Records from a collection
Start of Block
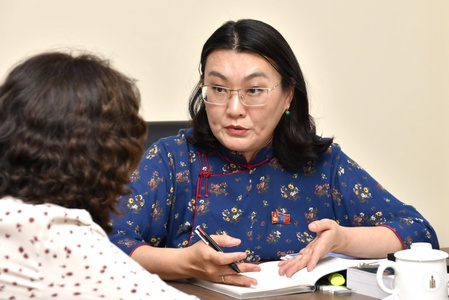 УИХ-ын гишүүн А.Ариунзаяа “Нээлттэй парламент” танхимд ажиллаж, иргэдийн саналыг сонслоо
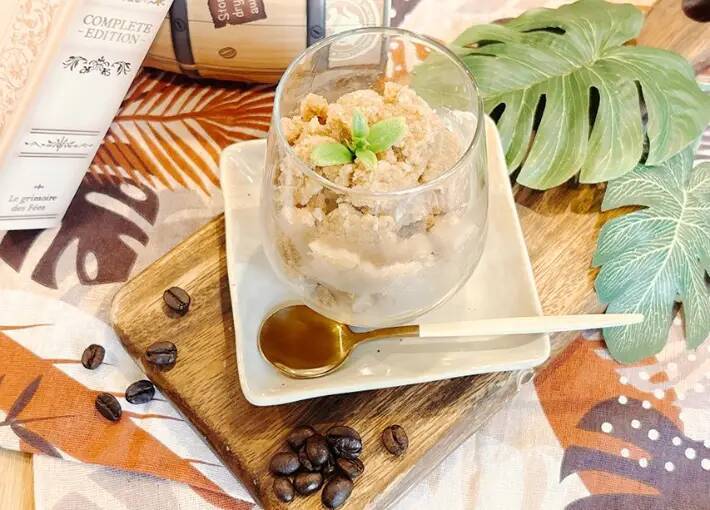 『雪印コーヒー』、そのまま飲むのまって！　夏に試したい「簡単おやつ」の作り方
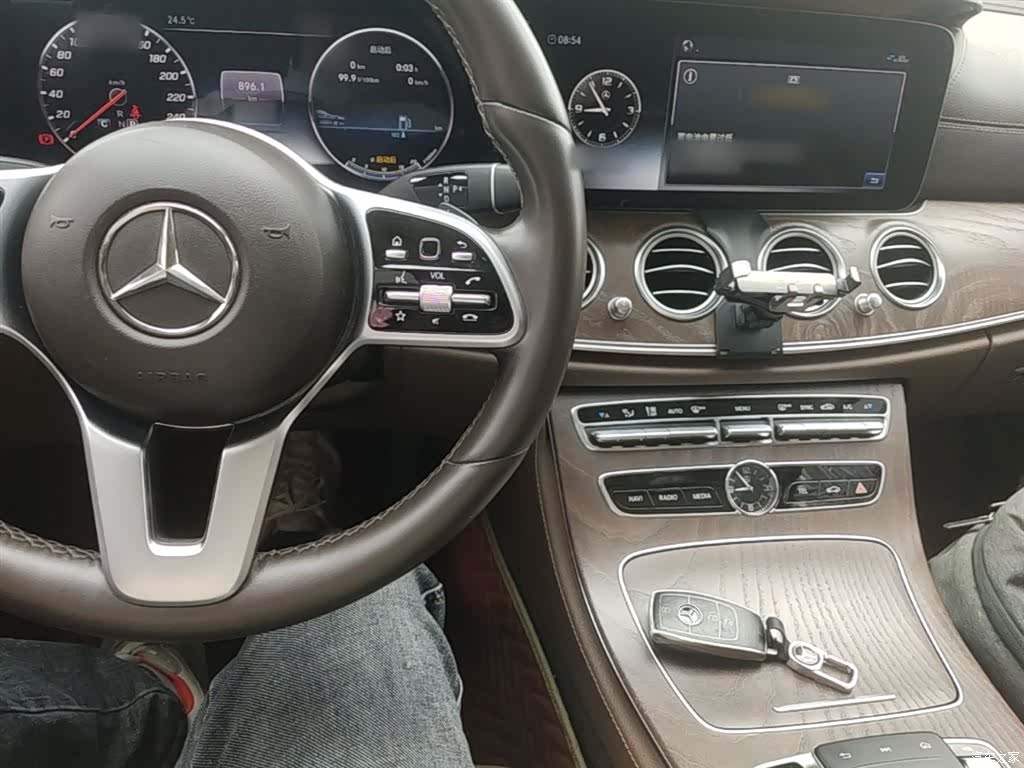 Mercedes-Benz E-Class, 2018 10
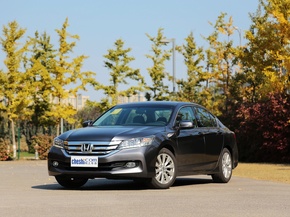 广汽本田  2.4L EX 车辆左前45度视角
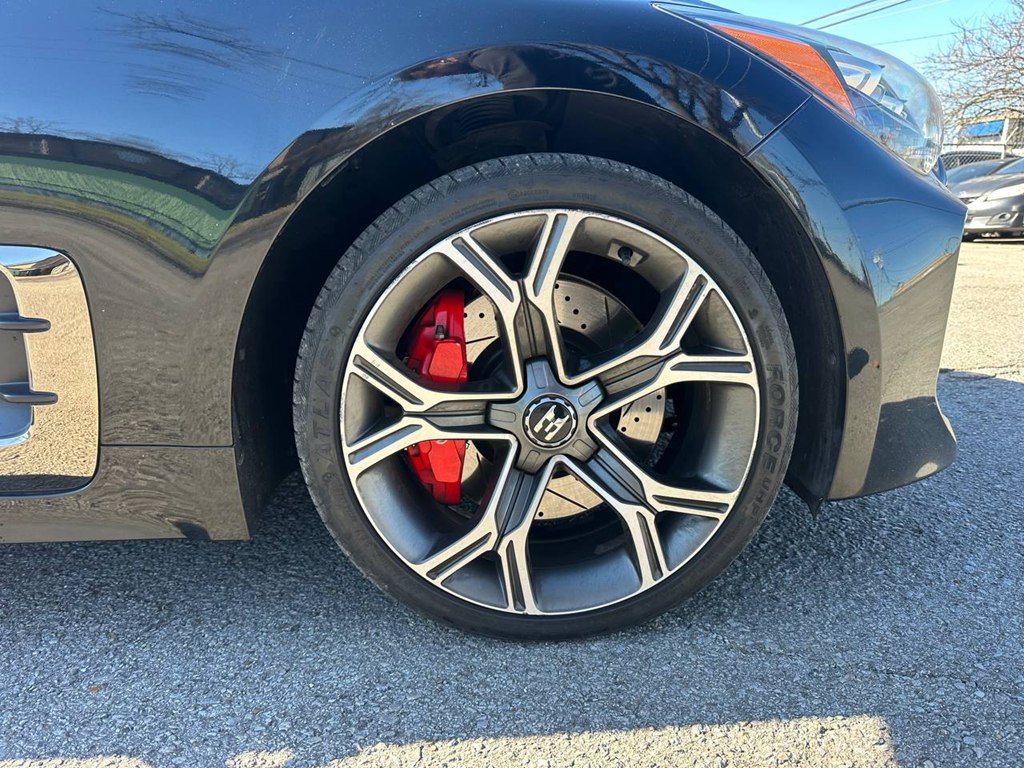 Photo 27 of this KIA STINGER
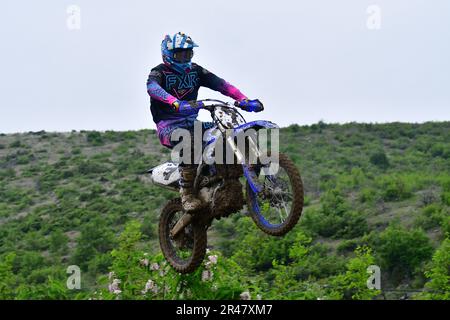 Orman, Macédoine, 14 mai 2023. Par temps pluvieux et sur une piste boueuse, les motocyclistes se sont affrontés dans plusieurs catégories dans des conditions difficiles. Banque D'Images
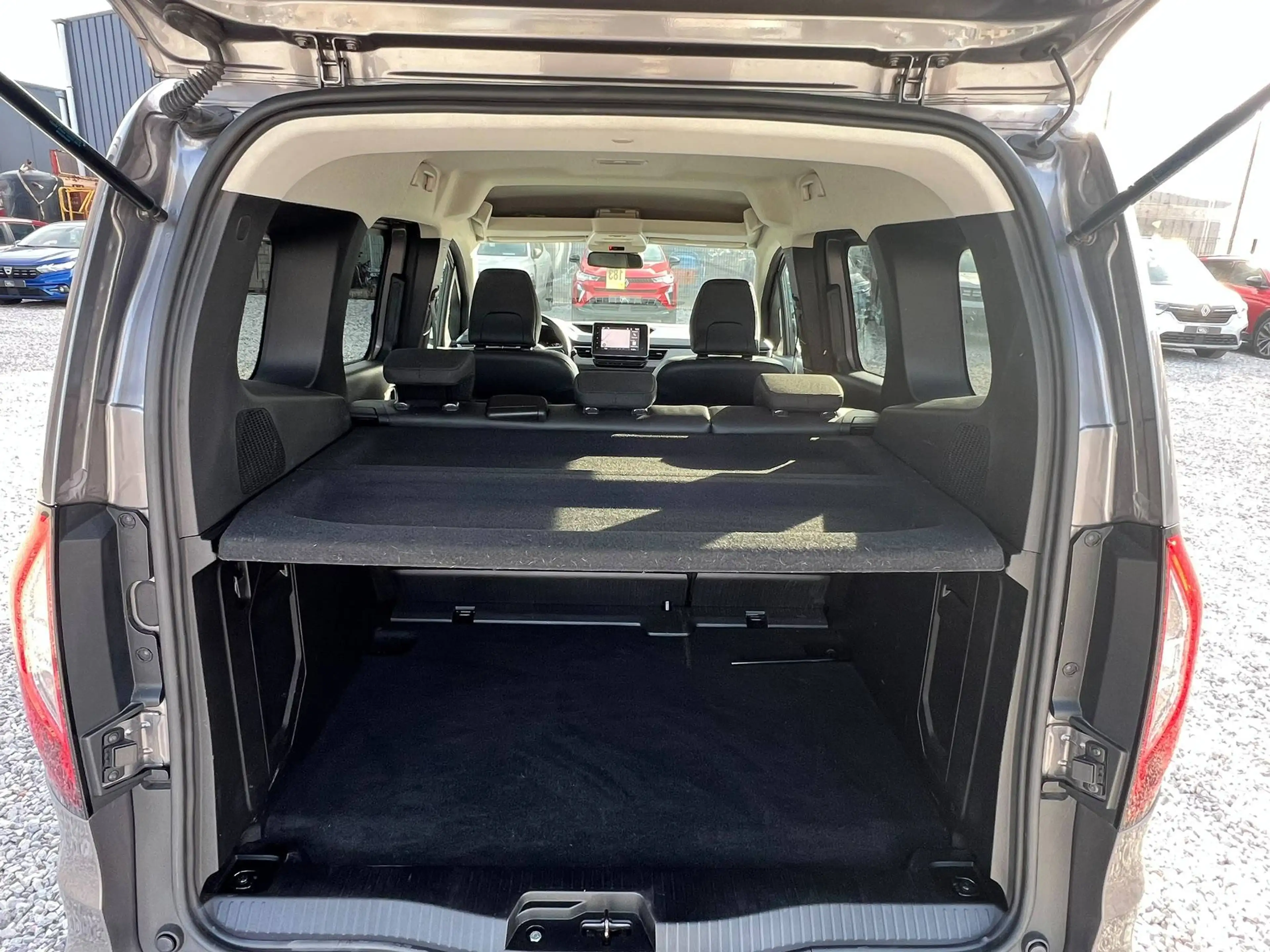 Renault Kangoo 1.3 TCe Equilibre Equilibre — photo 11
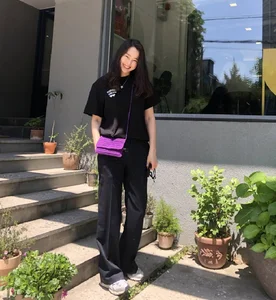 Honey Lee Fashion Guide: Youthful and Elegant Style Inspiration for Women Over 40 - image 8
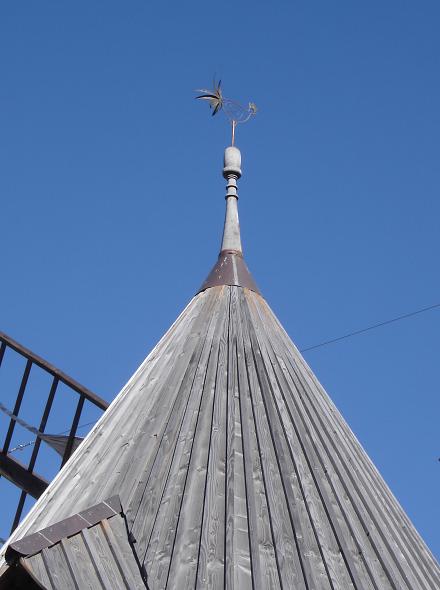 Toit et girouette du moulin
End of Block
*WORK TASK:*
Take every record and copy it word for word, dropping the pictures.

*THE COMPLETED TASK:*
 УИХ-ын гишүүн А.Ариунзаяа “Нээлттэй парламент” танхимд ажиллаж, иргэдийн саналыг сонслоо
 『雪印コーヒー』、そのまま飲むのまって！　夏に試したい「簡単おやつ」の作り方
 Mercedes-Benz E-Class, 2018 10
 广汽本田  2.4L EX 车辆左前45度视角
 Photo 27 of this KIA STINGER
 Orman, Macédoine, 14 mai 2023. Par temps pluvieux et sur une piste boueuse, les motocyclistes se sont affrontés dans plusieurs catégories dans des conditions difficiles. Banque D'Images
 Renault Kangoo 1.3 TCe Equilibre Equilibre — photo 11
 Honey Lee Fashion Guide: Youthful and Elegant Style Inspiration for Women Over 40 - image 8
 Toit et girouette du moulin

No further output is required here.